To be effective the genomic configuration must have a consequence in terms of proteins that provide structural stability or catalytic activity. Beyond the well-known concept of the dependence of protein structures upon linear genomic coding sequences there may well be a relationship that makes proteins produced within one cell compatible with each other. This difficult concept requires some reflection upon the function of structural features of macromolecular surfaces. The argument is based upon the suggestion that interacting coding sequences might give rise to interacting proteins (the most simple example). This prediction is an educated speculation and the evidence that can be cited in support is very scarce. Attempts have been made to find such a relationship between receptor/ligand pairs.^12,13 The new methodology, called proteomics, may promote discovery of relations that may be relevant for this proposal.¹⁴ It is not impossible that the initial DNA structure induced organization and thus loaded the dice for the nuclear refinement process a little different in each case.
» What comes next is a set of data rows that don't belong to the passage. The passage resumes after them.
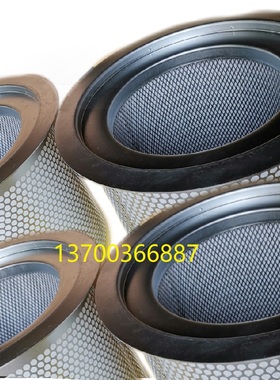英格索兰滤芯36866218空压机39900923油气分离滤芯92128883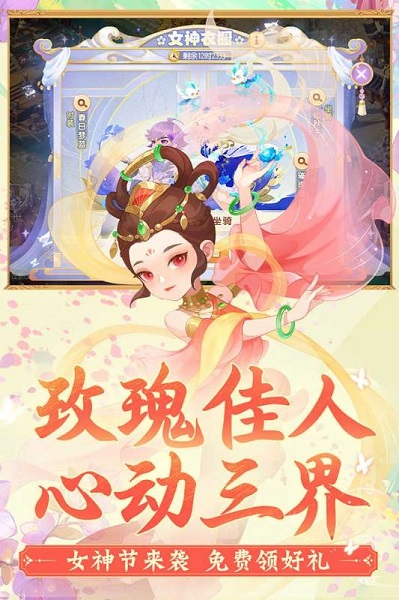 全民助手梦幻西游手游的图册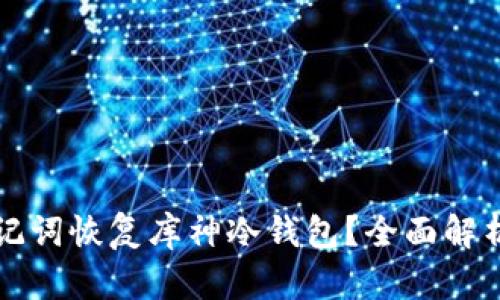 如何使用助记词恢复库神冷钱包？全面解析与实用指南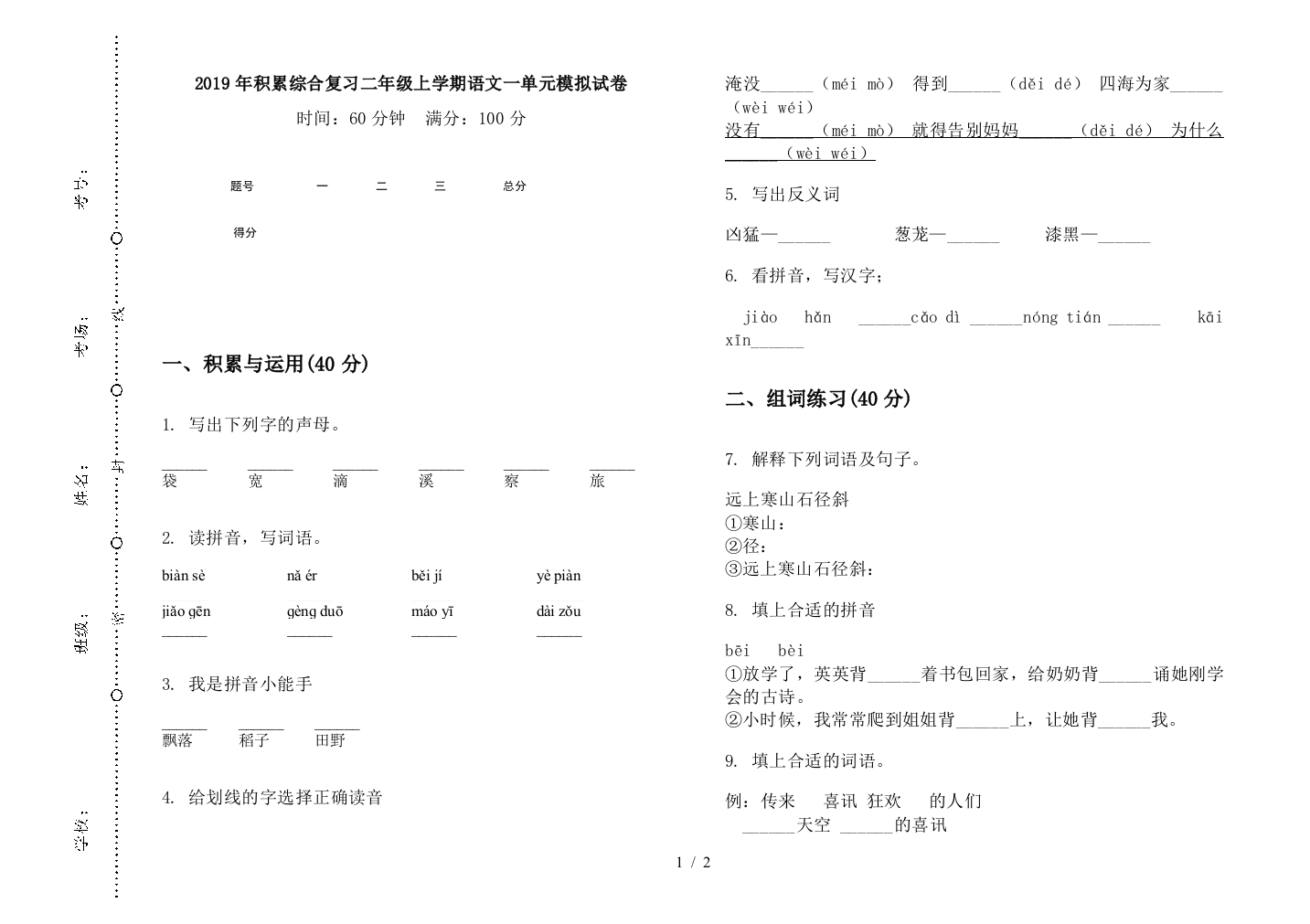 2019年积累综合复习二年级上学期语文一单元模拟试卷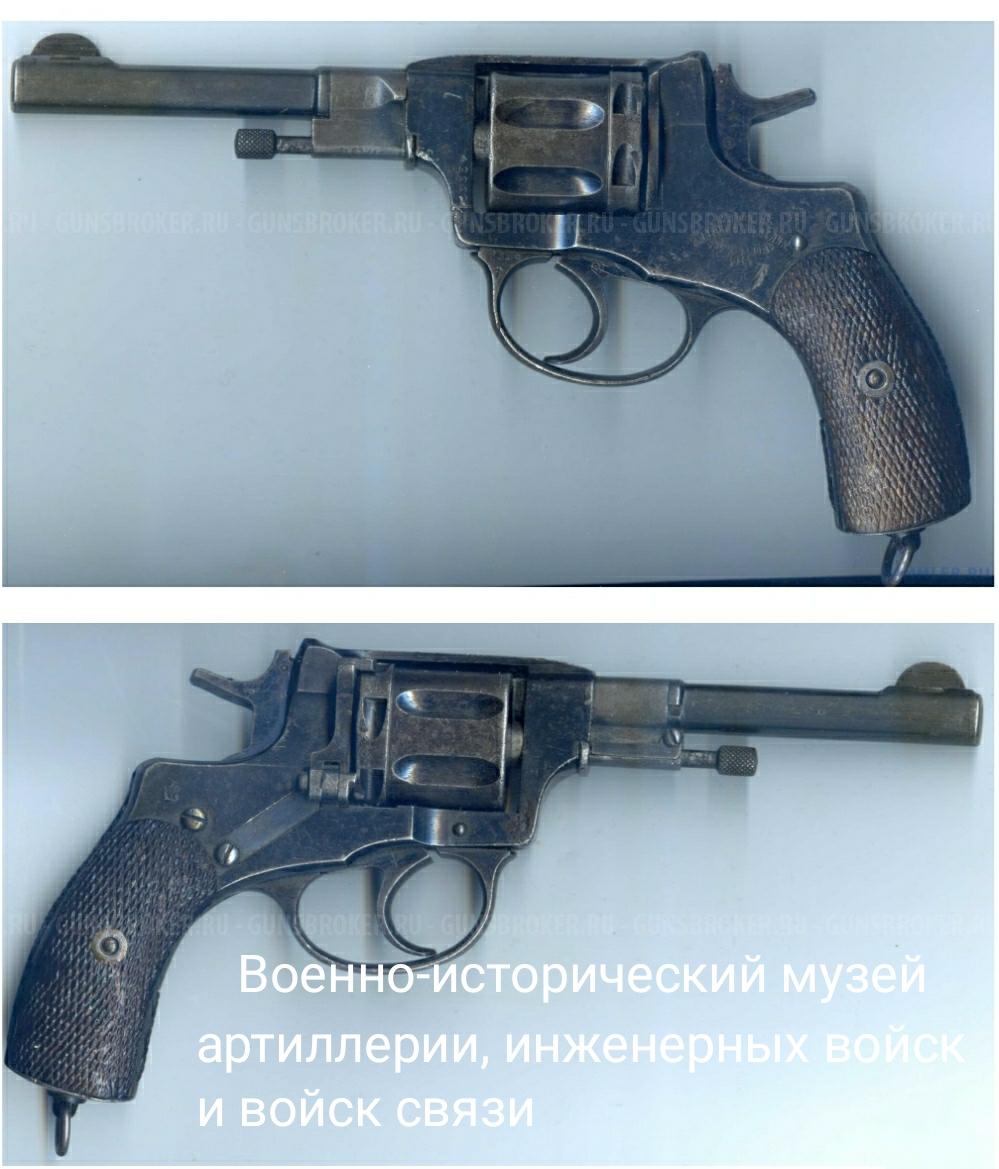 НАГАН МР-313 СИГНАЛЬНЫЙ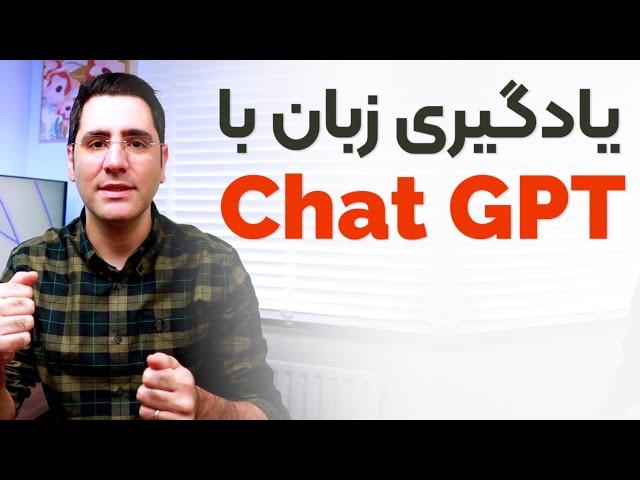 صفر تا صد یادگیری زبان با چت جی پی تی  Chat GPT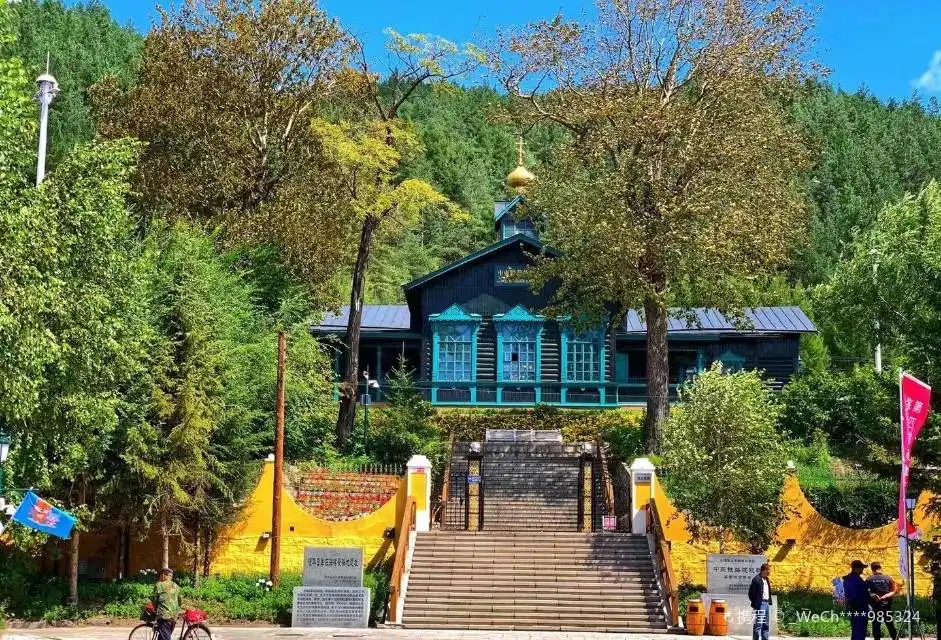 Hotels near Hengdaohezi Russian Style Town Scenic Area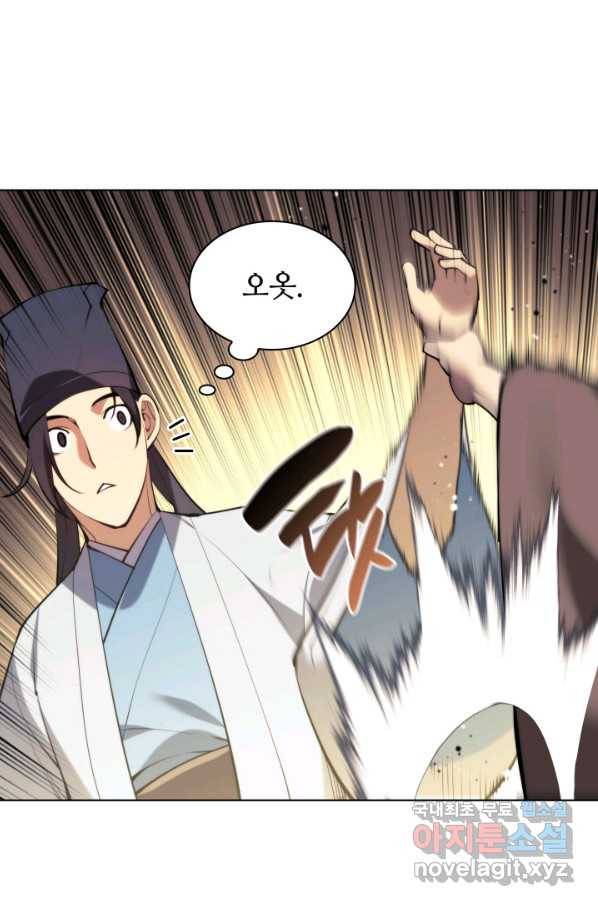 학사검전 29화 7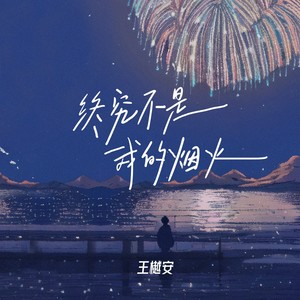 终究不是我的烟火歌词 - 王樾安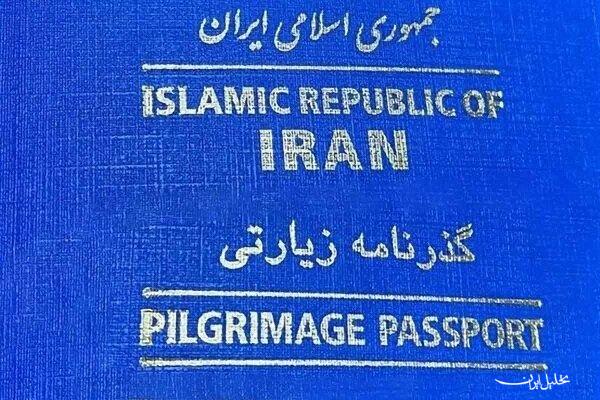  تحلیل ایران -امکان سفر به کشور عراق در طول سال با گذرنامه زیارتی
So much for a period that is generally ignored as the most uneventful phase of evolution. Of course, most of what has been said about the interregnum is speculation, induced by the genomic potential hypothesis of evolution. True, the skeleton of facts concerning this period has been fleshed out which is the normal function of a hypothesis. Evidence for the existence of bacterial life 3.5 billion years ago is, however, unequivocal³ as is the fact that larger cells were found 2.2 billion years ago¹⁵ (the time appears to be pushed back with every new report). The appearance of macro-organisms in unimaginable numbers and variety during the early Cambrian period is also well documented in the fossil record and that leaves one no choice but to view the development of macro-organisms as the display of the configuration that the genomes had perfected during the eon of single cellularity; it was the egg that evolved.

There it is, the story of the main events in evolution, shrouded in nebula as is the black hole at the center of our galaxy. We can know it is there by the way it pulls in stars and gases as it bends space into a whirlpool of gravity, and we know that the evolutionary events were there by the way they spew finished creatures from an invisible past without much warning and with their origin hidden from our view.